# Task material
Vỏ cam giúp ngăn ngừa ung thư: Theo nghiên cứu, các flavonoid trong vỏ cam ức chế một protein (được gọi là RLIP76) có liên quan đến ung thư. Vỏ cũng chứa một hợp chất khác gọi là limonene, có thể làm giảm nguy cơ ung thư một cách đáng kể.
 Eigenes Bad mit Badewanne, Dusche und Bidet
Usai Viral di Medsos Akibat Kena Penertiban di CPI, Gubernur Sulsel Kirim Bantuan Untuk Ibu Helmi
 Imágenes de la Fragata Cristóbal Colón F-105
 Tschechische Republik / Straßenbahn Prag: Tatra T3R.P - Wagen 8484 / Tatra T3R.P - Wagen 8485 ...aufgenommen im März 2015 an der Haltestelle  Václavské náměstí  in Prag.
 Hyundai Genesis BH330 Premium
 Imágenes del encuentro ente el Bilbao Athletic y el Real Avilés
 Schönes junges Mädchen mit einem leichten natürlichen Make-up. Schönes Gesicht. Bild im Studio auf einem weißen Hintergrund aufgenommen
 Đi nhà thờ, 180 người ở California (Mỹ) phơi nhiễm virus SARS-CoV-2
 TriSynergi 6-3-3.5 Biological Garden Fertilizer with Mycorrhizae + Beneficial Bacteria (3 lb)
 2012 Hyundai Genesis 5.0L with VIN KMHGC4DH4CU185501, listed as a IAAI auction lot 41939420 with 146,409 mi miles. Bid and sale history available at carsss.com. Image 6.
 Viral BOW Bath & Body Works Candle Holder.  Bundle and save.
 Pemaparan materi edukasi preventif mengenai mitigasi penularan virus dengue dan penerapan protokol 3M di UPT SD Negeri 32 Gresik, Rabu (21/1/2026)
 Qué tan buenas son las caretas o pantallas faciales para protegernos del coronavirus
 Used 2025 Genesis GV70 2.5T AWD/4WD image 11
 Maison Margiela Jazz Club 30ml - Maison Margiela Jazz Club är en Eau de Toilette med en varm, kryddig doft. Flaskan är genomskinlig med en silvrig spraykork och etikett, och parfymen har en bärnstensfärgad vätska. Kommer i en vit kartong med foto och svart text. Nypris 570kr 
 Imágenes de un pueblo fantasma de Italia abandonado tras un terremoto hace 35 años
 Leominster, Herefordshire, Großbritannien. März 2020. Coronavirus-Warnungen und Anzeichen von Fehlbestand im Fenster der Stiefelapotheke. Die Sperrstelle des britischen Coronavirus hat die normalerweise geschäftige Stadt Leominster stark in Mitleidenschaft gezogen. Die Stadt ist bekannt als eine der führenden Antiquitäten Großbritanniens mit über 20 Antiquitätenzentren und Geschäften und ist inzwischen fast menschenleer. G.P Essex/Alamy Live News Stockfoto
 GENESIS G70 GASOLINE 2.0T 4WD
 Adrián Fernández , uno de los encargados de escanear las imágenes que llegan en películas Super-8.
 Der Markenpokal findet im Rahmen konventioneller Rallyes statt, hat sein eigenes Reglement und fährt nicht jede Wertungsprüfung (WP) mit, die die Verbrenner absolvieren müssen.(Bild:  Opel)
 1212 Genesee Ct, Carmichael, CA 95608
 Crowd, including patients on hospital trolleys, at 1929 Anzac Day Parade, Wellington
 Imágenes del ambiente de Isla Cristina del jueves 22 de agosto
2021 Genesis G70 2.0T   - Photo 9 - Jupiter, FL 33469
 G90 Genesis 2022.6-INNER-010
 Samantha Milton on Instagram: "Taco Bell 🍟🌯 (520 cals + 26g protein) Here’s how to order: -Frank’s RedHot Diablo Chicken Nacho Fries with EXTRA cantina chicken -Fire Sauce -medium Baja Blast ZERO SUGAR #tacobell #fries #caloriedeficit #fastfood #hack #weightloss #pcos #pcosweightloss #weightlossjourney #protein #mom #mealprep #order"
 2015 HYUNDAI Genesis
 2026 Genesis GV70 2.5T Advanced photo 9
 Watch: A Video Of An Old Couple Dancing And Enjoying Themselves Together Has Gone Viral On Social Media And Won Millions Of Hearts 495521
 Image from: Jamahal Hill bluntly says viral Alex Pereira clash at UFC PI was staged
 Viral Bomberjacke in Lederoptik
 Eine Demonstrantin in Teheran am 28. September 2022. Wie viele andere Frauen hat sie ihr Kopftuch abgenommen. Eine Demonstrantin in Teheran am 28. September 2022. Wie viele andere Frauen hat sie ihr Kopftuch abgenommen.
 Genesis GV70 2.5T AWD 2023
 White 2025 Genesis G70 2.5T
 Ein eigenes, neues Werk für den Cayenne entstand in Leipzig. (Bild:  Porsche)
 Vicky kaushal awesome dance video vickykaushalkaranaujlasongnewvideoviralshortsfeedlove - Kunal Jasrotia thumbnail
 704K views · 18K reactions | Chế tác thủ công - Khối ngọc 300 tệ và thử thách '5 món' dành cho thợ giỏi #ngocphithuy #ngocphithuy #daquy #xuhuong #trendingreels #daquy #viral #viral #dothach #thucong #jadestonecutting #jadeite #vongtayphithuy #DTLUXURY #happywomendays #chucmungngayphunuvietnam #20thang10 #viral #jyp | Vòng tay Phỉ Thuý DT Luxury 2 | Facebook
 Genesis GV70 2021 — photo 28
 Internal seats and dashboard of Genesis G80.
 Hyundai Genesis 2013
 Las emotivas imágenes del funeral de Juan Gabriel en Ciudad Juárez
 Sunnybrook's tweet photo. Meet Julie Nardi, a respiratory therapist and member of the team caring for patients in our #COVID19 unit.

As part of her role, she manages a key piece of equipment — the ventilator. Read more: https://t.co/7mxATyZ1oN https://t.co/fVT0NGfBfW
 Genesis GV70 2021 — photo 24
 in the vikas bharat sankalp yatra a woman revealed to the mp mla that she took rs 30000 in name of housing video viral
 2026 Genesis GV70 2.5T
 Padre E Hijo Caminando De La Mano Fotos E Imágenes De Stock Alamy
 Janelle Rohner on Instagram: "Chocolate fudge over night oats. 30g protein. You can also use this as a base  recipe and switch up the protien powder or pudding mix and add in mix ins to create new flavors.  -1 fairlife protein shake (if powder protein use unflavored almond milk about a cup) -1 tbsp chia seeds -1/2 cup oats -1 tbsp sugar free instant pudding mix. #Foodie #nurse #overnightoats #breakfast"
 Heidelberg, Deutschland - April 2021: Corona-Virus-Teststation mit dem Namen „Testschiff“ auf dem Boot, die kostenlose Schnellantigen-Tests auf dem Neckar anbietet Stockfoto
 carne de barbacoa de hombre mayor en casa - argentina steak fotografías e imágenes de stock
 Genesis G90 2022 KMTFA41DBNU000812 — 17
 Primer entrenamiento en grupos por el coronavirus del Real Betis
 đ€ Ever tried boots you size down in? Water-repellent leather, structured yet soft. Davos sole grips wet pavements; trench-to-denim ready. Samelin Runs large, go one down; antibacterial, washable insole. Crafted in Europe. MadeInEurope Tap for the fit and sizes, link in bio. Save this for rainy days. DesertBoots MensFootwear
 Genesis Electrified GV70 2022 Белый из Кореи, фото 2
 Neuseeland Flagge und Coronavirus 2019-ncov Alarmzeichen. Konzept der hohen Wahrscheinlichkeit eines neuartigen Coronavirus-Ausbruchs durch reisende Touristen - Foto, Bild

# Task objective
Return the opening line of the data and every line after it through the line containing "Usai Viral di", please, exactly as written and with nothing added.

# Solution for this problem
Vỏ cam giúp ngăn ngừa ung thư: Theo nghiên cứu, các flavonoid trong vỏ cam ức chế một protein (được gọi là RLIP76) có liên quan đến ung thư. Vỏ cũng chứa một hợp chất khác gọi là limonene, có thể làm giảm nguy cơ ung thư một cách đáng kể.
 Eigenes Bad mit Badewanne, Dusche und Bidet
Usai Viral di Medsos Akibat Kena Penertiban di CPI, Gubernur Sulsel Kirim Bantuan Untuk Ibu Helmi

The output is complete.